Records from a data collection
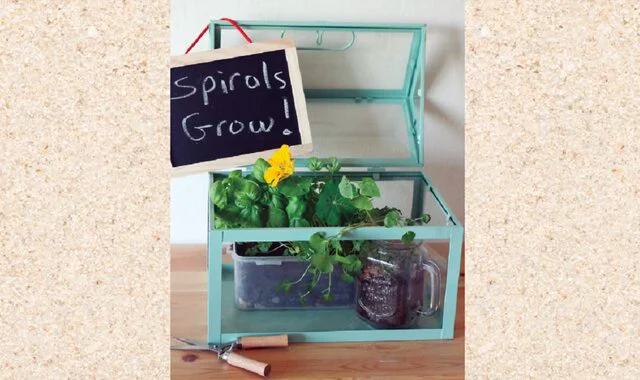 Orgabits オーガビッツのこと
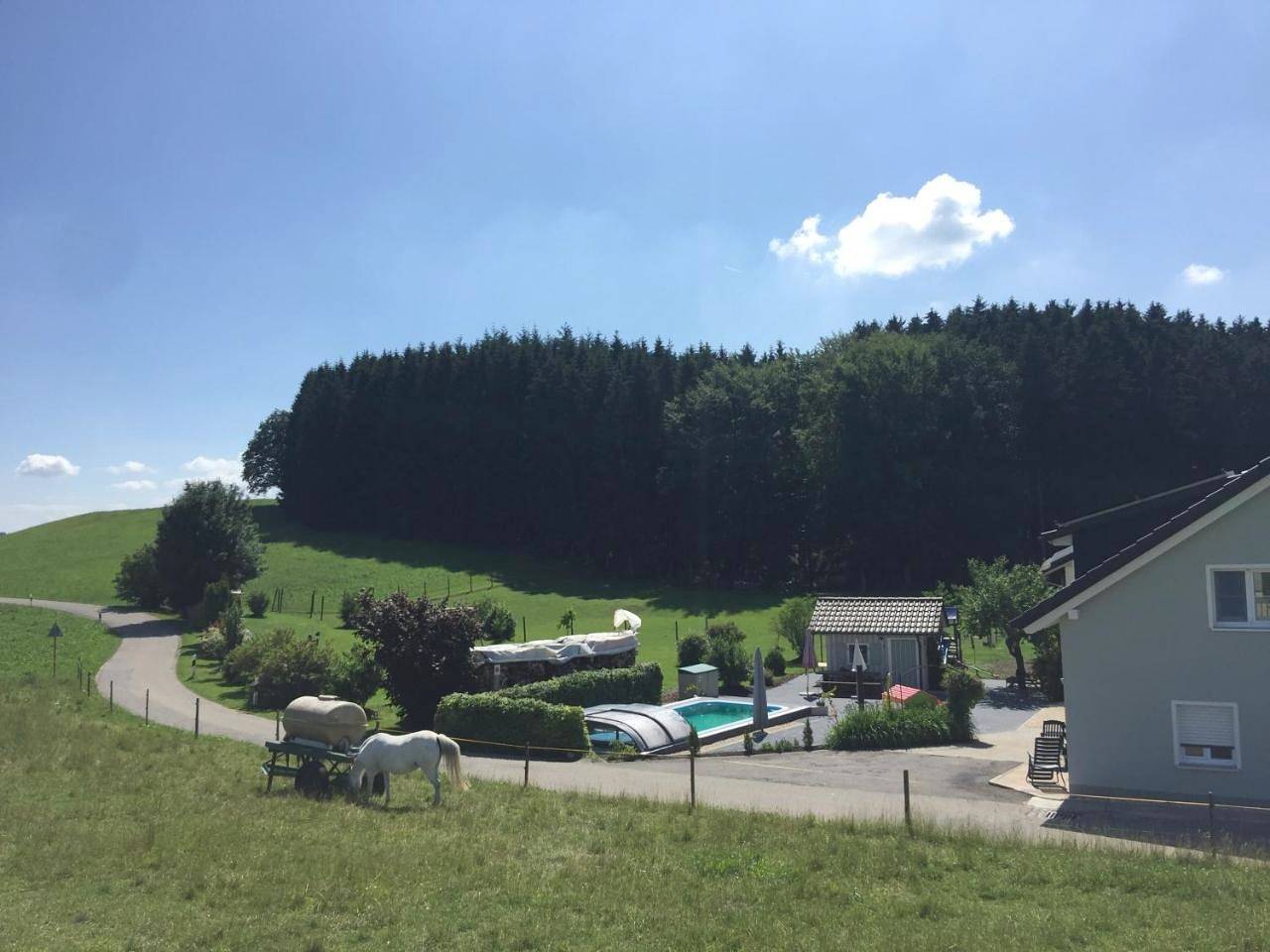 Ganze Wohnung, Apartment with Mountain View in Kißlegg, Region Bodensee-Oberschwaben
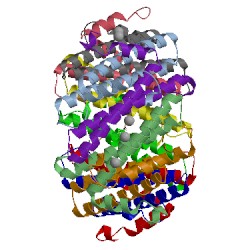 Image of CATH 5l8f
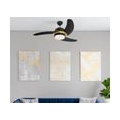 Deckenventilator Simone Schwarz 122 cm mit LED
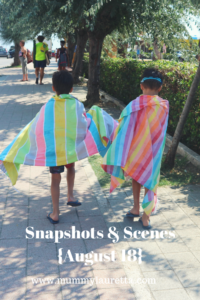 Snapshots & Scenes August 18 Pin
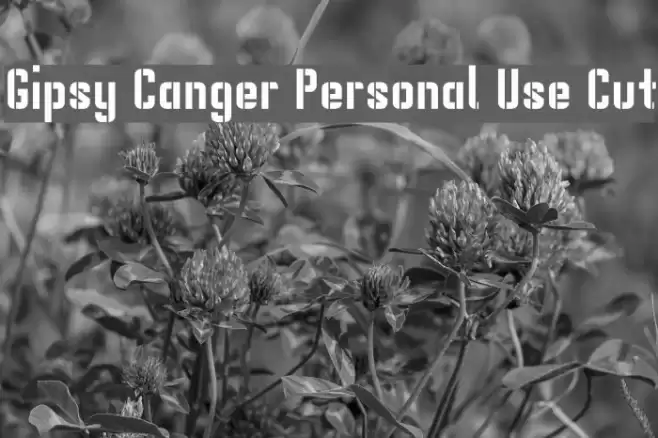 Gipsy Danger Personal Use Cut Font examples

What the exercise asks
The pictures in the entries above should be left out; all else must be copied exactly.

Expected output
 Orgabits オーガビッツのこと
 Ganze Wohnung, Apartment with Mountain View in Kißlegg, Region Bodensee-Oberschwaben
 Image of CATH 5l8f
 Deckenventilator Simone Schwarz 122 cm mit LED
 Snapshots & Scenes August 18 Pin
 Gipsy Danger Personal Use Cut Font examples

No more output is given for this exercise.